As of date, the deadly virus has killed over 82 people and thousands are quarantined in hospitals, and hundreds more are put under waiting list, yet to be diagnosed or treated.

The unidentified coronavirus, now named 2019-nCov has spread to over ten countries worldwide, including United States and France.

Initially, a local seafood market in Wuhan named Huanan was pinned down as the ground zero for the virus transmission. It was later discovered that wildlife were sold illegally in the market, which included bats and many other wildlife.

The protein codes found in the virus were similar to those in snakes, whose main prey is bats. The snakes are speculated to have infected the virus from the bats they hunt.

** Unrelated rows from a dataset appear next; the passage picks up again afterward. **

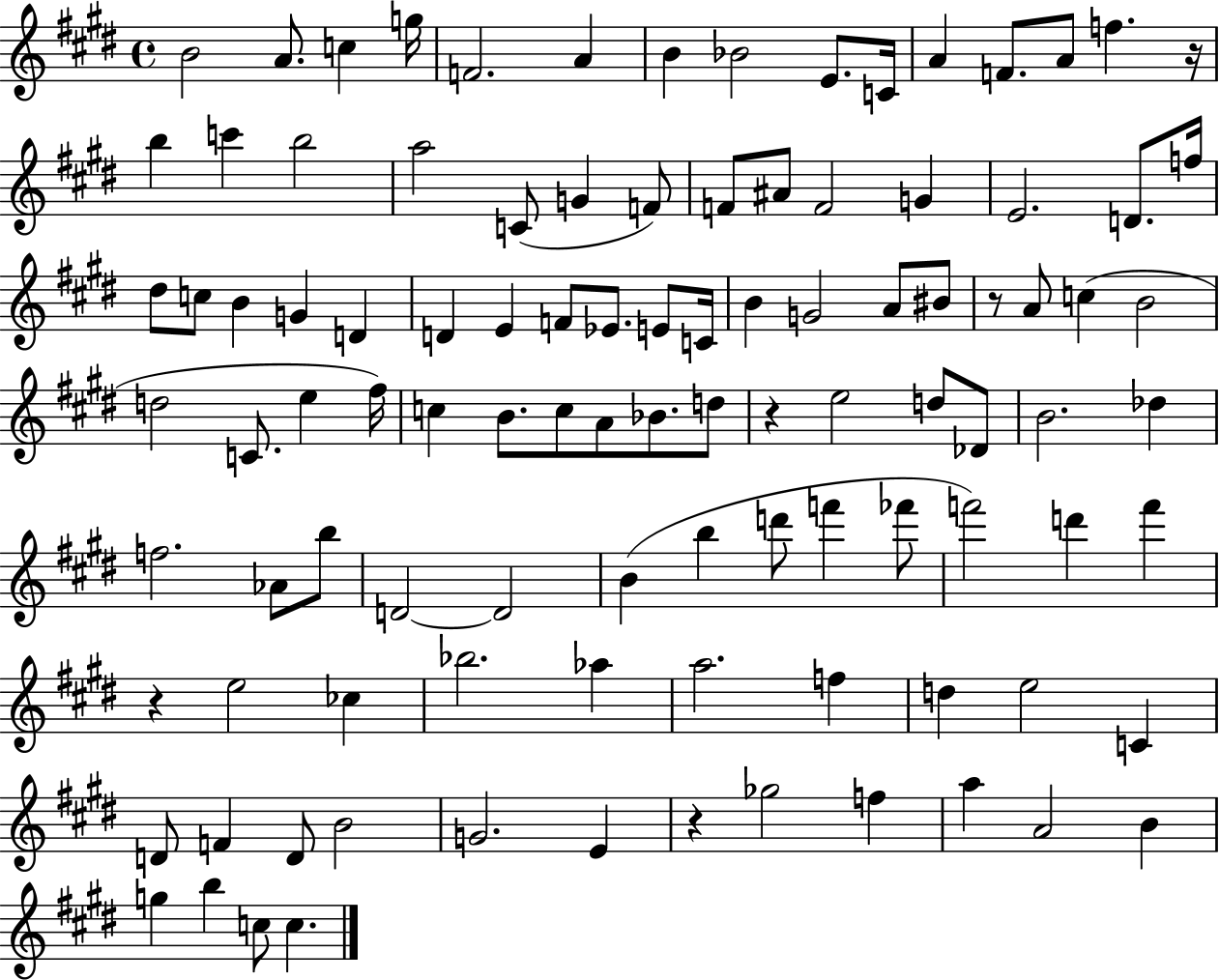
X:1
T:Untitled
M:4/4
L:1/4
K:E
B2 A/2 c g/4 F2 A B _B2 E/2 C/4 A F/2 A/2 f z/4 b c' b2 a2 C/2 G F/2 F/2 ^A/2 F2 G E2 D/2 f/4 ^d/2 c/2 B G D D E F/2 _E/2 E/2 C/4 B G2 A/2 ^B/2 z/2 A/2 c B2 d2 C/2 e ^f/4 c B/2 c/2 A/2 _B/2 d/2 z e2 d/2 _D/2 B2 _d f2 _A/2 b/2 D2 D2 B b d'/2 f' _f'/2 f'2 d' f' z e2 _c _b2 _a a2 f d e2 C D/2 F D/2 B2 G2 E z _g2 f a A2 B g b c/2 c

Chinese girls eating bat soup in China

According to the director general of China’s Center for Disease Control and Prevention, Gao Fu, the 2019-nCov is 70% matched to the 2003 SARS virus that was deemed one of the most dangerous of its kind.

“People should be at a safe distance from wildlife, and eating wildlife should be avoided at all cost,” advises Zhang Jinshuo, a Ph.D. researcher from the Institute of Zoology, Chinese Academy of Sciences.

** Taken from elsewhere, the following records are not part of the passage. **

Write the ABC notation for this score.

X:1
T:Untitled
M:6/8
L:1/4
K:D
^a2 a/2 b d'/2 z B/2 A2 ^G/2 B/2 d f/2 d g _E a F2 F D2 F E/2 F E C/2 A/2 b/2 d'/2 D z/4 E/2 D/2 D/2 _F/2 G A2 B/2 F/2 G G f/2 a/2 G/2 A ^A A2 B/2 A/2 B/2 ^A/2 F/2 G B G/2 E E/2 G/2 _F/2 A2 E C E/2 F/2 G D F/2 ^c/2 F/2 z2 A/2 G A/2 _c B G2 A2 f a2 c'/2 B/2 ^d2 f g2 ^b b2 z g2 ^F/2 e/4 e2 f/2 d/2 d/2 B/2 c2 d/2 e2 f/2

As mentioned earlier, bat soup is a sought-after delicacy in Wuhan and heightened consumption have surfaced due to the celebration of Chinese New Year.

More and more images of public eating bats are being posted online, which is feared to increase the risk of infection.

Though the government and medical officials have strongly urged the public against wildlife consumption, locals are still indulging in bat soups being sold at restaurants.

Apparently, the riches even buy them in a bulk of 2000 bats in one purchase and eat them gradually over time. Due to the increased demand, they have been sold in the local markets illegally for a rewarding price.

Young boy eating bat meat in restaurant

Researchers and medical experts are trying their best to put an end to the trading and consumption of wildlife altogether in the shortest time possible. Meanwhile, high level alert is being sent out to governments worldwide for potential Wuhan virus pandemic.